The significant contributions the agri-business sector brings to
both economies were a key theme to emerge from the conference, with
a clear call emerging for both countries to build on the successes
achieved to date in advancing the sector's scientific and
technological capabilities, as well as exchanging best practice to
guide future trade bonds and partnerships.
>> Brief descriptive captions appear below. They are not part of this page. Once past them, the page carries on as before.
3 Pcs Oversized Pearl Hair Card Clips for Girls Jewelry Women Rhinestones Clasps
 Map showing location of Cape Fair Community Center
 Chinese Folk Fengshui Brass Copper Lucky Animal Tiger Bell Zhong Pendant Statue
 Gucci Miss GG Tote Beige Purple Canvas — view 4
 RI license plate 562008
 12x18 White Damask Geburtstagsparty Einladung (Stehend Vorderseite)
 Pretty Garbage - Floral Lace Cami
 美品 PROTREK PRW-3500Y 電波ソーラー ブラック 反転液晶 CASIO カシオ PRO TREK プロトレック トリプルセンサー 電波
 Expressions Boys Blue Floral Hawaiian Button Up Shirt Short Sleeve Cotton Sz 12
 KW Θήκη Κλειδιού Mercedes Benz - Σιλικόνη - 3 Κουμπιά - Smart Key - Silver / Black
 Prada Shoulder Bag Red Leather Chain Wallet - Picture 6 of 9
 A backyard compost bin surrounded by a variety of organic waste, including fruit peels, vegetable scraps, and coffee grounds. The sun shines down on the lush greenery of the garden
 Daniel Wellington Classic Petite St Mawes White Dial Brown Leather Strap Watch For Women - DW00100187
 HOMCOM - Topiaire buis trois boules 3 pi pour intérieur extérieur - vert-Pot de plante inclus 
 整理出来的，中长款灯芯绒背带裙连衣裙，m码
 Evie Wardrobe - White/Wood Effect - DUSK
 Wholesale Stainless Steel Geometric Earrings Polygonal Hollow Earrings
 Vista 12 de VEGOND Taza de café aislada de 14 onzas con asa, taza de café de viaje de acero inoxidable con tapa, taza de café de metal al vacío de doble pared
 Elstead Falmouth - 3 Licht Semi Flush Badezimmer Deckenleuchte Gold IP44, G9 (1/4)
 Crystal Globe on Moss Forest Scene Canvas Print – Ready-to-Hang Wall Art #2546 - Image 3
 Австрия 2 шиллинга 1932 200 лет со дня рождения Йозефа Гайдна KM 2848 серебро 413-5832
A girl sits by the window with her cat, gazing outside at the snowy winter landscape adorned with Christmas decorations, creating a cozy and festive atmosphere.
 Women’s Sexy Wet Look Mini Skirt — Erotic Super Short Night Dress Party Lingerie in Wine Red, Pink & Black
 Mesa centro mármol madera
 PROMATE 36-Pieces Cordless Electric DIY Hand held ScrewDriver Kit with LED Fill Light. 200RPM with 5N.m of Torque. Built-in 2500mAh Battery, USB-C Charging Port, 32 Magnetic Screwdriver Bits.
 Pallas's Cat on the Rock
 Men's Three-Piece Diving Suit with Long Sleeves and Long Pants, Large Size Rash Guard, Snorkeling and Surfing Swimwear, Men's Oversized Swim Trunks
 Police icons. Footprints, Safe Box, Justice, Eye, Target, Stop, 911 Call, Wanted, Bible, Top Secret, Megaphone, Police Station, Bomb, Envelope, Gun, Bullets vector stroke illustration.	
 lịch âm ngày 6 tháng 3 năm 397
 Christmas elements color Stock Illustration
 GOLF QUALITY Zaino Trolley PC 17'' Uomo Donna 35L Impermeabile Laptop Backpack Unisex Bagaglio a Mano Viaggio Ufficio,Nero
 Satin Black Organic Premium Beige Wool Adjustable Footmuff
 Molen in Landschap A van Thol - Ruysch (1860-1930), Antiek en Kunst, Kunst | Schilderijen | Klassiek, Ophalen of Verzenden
Farm ministry DEFRA's Gavin Ross spoke of the UK's hopes to
"fundamentally change the approach, moving from paying farmers, to
instead buying environmental benefits through three schemes: the
Sustainable Farming Incentive, Local Nature Recovery and Landscape
Recovery", ambitions that have parallels with the "great progress
being made in Brazil to recover 90 million hectares of degraded
pasture" mentioned by EMBRAPA's President Celso Morretti, as he
outlined some of the 200 research projects currently underway by
more than 40 research centres across Brazil.
ABC
Brazil's reputation in sustainable agriculture is being
bolstered by several government and industry initiatives to support
the agri-business sector in the country. Tereza Cristina Corrêa da
Costa Dias, Brazil's Minister of Agriculture, Livestock and Food
Supply is currently enacting a strategy - the Plan for Adaptation
and Low Carbon Emission in Agriculture ('The ABC Plan') - which
harnesses new technologies and technical skills to help Brazil meet
key sustainability objectives in agriculture.
The plan is promoting low-carbon agriculture practices and has
already helped to recover 26.8 million hectares of degraded
pastureland for agriculture use - an area significantly larger than
the UK.
Global crop science giants such as BASF, Bayer and Syngenta are
all active in this process, with animal health and nutrition
companies such as DSM, supported by local Brazilian firms.